WORK ORDER ▸
Scan the entries for "Again". Every line that holds it is to be copied.

———

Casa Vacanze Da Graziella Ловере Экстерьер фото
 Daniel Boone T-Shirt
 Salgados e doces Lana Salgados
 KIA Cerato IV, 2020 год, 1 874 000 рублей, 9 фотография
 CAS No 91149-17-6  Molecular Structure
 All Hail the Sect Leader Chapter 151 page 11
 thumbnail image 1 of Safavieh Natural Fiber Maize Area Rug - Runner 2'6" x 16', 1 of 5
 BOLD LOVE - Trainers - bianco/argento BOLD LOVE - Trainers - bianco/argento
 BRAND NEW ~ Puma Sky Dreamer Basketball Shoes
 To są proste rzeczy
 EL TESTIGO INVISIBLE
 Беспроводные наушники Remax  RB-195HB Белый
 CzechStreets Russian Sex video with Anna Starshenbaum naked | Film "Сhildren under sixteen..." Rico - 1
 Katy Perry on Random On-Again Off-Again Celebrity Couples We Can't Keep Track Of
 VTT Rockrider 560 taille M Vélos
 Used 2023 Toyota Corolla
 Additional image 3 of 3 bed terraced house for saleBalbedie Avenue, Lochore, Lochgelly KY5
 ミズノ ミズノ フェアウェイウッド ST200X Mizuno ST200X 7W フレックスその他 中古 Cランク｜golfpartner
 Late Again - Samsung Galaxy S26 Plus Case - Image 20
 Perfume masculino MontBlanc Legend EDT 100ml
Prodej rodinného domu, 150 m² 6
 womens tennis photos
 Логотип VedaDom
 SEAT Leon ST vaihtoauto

———

ANSWER TO THE PROBLEM ▸
 Katy Perry on Random On-Again Off-Again Celebrity Couples We Can't Keep Track Of
 Late Again - Samsung Galaxy S26 Plus Case - Image 20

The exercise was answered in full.